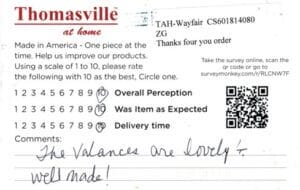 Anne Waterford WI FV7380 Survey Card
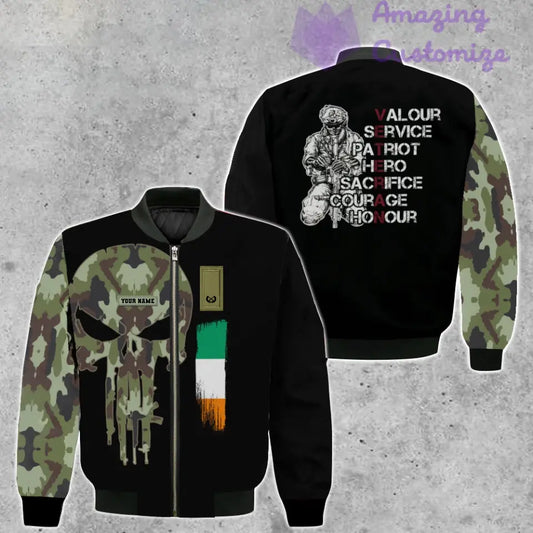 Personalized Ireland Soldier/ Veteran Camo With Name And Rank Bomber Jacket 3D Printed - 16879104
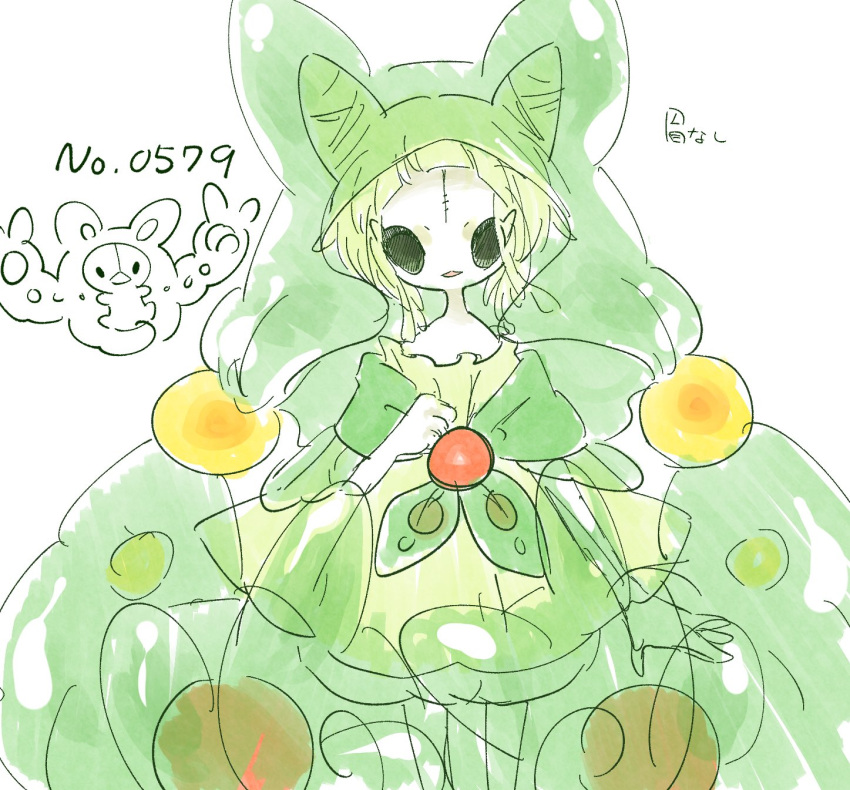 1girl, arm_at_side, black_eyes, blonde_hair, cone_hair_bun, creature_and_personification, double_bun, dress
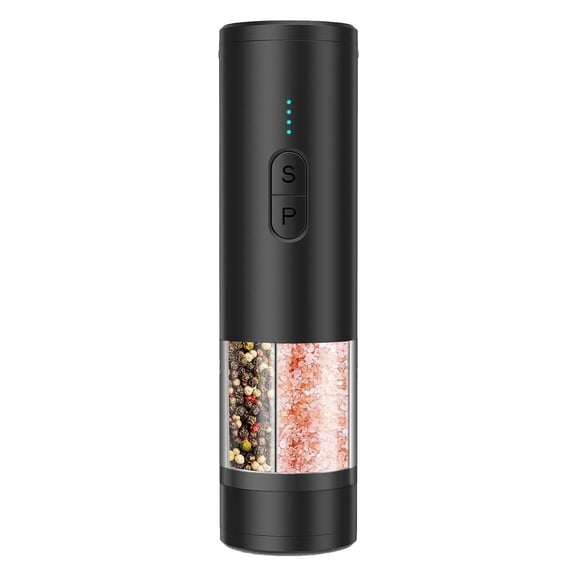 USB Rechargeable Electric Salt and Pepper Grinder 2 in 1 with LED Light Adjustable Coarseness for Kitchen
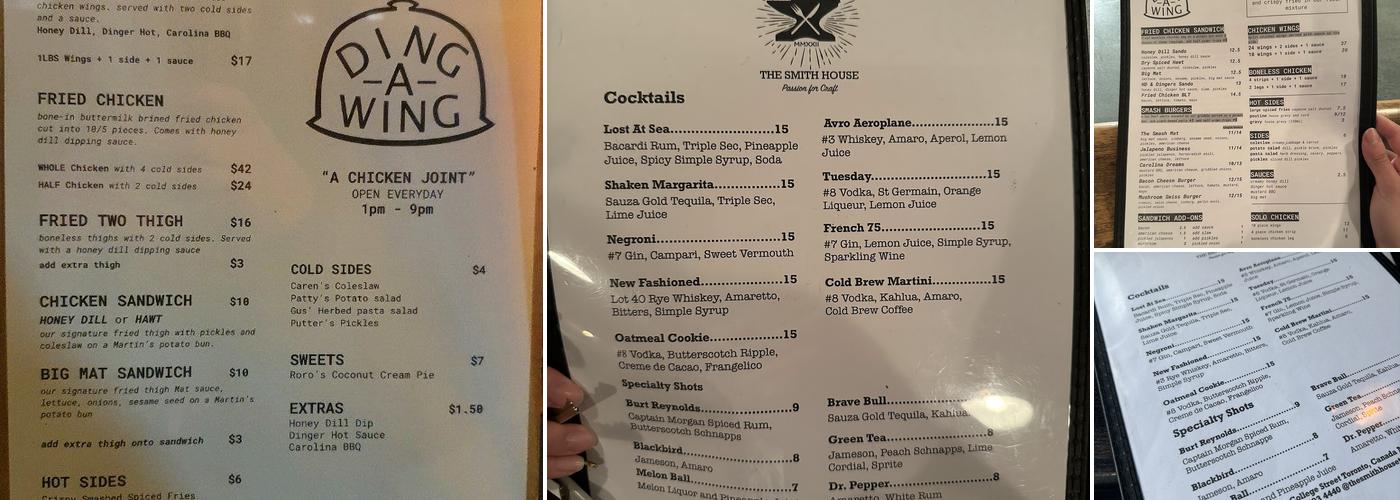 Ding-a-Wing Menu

★ ★ ★ ★

With all pictures excluded, output exactly the lines from the one containing "Personalized Ireland Soldier/" through the final line of the entries, inclusive.

SOLUTION FOR THIS PROBLEM:
 Personalized Ireland Soldier/ Veteran Camo With Name And Rank Bomber Jacket 3D Printed - 16879104
 1girl, arm_at_side, black_eyes, blonde_hair, cone_hair_bun, creature_and_personification, double_bun, dress
 USB Rechargeable Electric Salt and Pepper Grinder 2 in 1 with LED Light Adjustable Coarseness for Kitchen
 Ding-a-Wing Menu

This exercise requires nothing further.